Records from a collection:
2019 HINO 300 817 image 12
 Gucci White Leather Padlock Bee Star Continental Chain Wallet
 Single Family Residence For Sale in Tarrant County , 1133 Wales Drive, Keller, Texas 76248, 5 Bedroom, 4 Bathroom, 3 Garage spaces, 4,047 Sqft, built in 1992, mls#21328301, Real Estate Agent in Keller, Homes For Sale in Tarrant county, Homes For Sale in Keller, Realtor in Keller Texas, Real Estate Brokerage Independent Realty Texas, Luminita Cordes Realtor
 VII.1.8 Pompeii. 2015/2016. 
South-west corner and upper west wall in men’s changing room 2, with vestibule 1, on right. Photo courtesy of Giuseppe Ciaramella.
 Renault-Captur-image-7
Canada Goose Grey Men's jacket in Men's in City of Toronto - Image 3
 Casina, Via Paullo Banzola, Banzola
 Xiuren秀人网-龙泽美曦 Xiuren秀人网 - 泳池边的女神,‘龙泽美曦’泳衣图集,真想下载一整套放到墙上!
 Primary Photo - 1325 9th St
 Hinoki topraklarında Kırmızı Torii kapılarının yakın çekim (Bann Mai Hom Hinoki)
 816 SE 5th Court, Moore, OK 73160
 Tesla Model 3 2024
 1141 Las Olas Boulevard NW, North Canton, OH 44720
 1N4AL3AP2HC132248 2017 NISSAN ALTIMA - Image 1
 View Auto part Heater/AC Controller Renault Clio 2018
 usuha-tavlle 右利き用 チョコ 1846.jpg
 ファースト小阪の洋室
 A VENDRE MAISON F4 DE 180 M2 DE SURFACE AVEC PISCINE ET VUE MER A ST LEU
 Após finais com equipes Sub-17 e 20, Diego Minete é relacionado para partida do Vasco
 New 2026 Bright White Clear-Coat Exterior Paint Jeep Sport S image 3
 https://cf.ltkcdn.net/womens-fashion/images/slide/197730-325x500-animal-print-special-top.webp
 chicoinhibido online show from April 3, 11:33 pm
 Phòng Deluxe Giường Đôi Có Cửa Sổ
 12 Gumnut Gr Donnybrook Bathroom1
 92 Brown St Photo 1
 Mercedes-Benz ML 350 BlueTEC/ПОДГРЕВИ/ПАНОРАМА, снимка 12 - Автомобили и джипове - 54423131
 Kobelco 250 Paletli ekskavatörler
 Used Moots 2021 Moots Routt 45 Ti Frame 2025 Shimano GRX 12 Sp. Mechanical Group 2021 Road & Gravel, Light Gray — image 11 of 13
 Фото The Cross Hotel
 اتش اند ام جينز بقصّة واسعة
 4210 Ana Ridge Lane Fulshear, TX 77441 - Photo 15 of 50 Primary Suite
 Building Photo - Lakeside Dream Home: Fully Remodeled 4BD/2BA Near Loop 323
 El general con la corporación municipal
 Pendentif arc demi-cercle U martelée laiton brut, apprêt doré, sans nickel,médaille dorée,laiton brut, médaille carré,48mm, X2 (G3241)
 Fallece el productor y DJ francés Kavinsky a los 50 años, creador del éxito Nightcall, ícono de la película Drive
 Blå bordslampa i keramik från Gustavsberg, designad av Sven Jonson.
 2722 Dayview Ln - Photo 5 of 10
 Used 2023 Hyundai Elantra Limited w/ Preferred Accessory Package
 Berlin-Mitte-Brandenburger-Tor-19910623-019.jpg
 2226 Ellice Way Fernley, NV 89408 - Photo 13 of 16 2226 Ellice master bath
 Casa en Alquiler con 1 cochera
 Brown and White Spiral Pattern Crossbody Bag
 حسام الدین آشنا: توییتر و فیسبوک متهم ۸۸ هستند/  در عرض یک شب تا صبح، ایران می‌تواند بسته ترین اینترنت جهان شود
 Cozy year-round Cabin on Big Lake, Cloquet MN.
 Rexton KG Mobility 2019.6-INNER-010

• WHAT TO WORK ON:
Copy out every line of the data that includes the word "Renault".

• RESULT BELOW:
 Renault-Captur-image-7
 View Auto part Heater/AC Controller Renault Clio 2018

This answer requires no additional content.